What the task asks:
Print every entry word for word, but omit the pictures.

Data for processing:
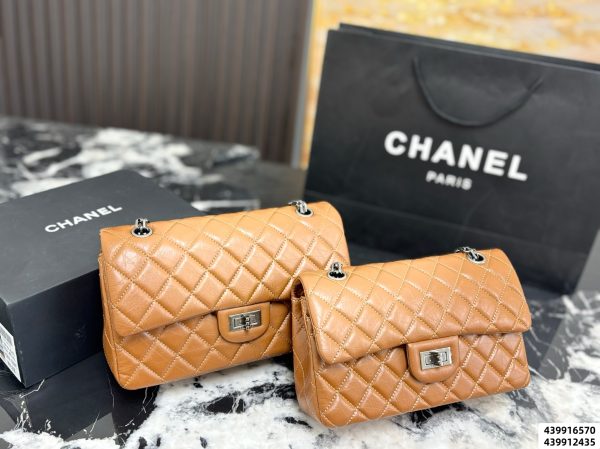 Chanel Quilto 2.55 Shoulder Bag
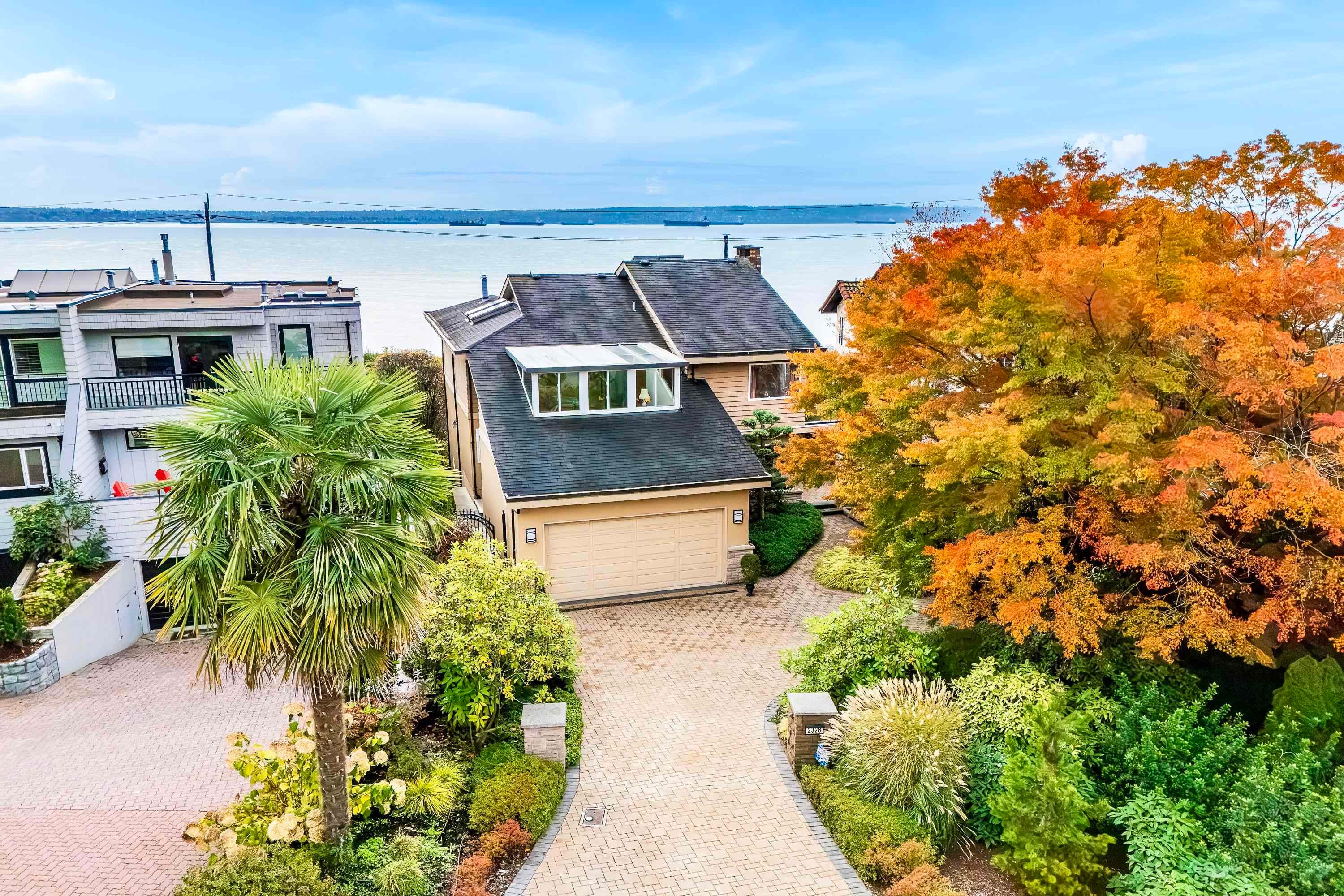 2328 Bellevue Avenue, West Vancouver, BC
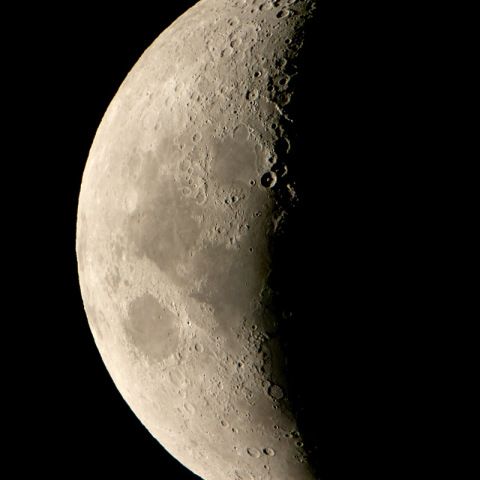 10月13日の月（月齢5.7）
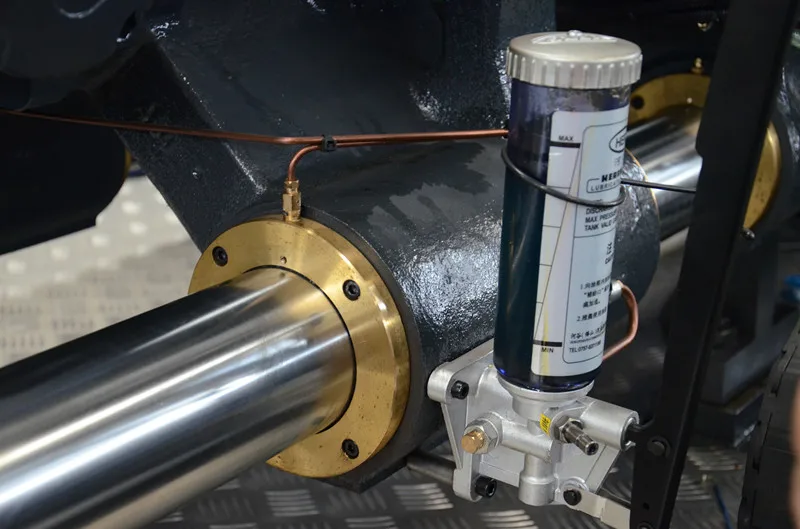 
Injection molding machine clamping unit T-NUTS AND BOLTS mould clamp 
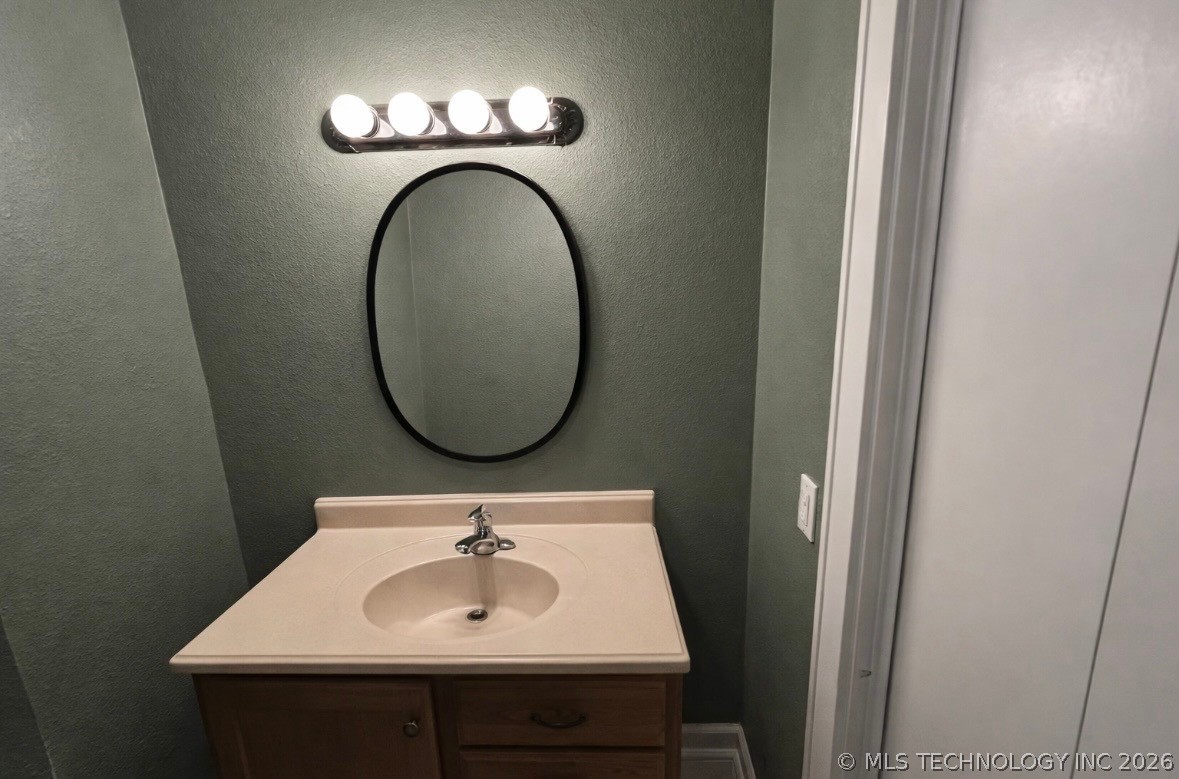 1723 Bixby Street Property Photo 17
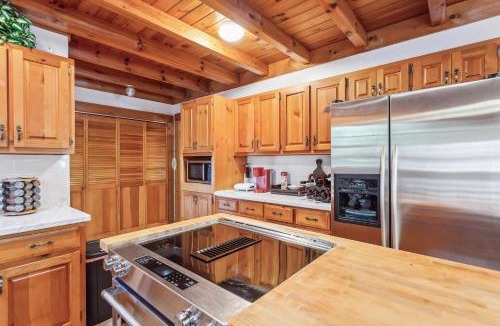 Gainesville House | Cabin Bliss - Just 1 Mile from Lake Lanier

Expected answer:
 Chanel Quilto 2.55 Shoulder Bag
 2328 Bellevue Avenue, West Vancouver, BC
 10月13日の月（月齢5.7）
Injection molding machine clamping unit T-NUTS AND BOLTS mould clamp 
 1723 Bixby Street Property Photo 17
 Gainesville House | Cabin Bliss - Just 1 Mile from Lake Lanier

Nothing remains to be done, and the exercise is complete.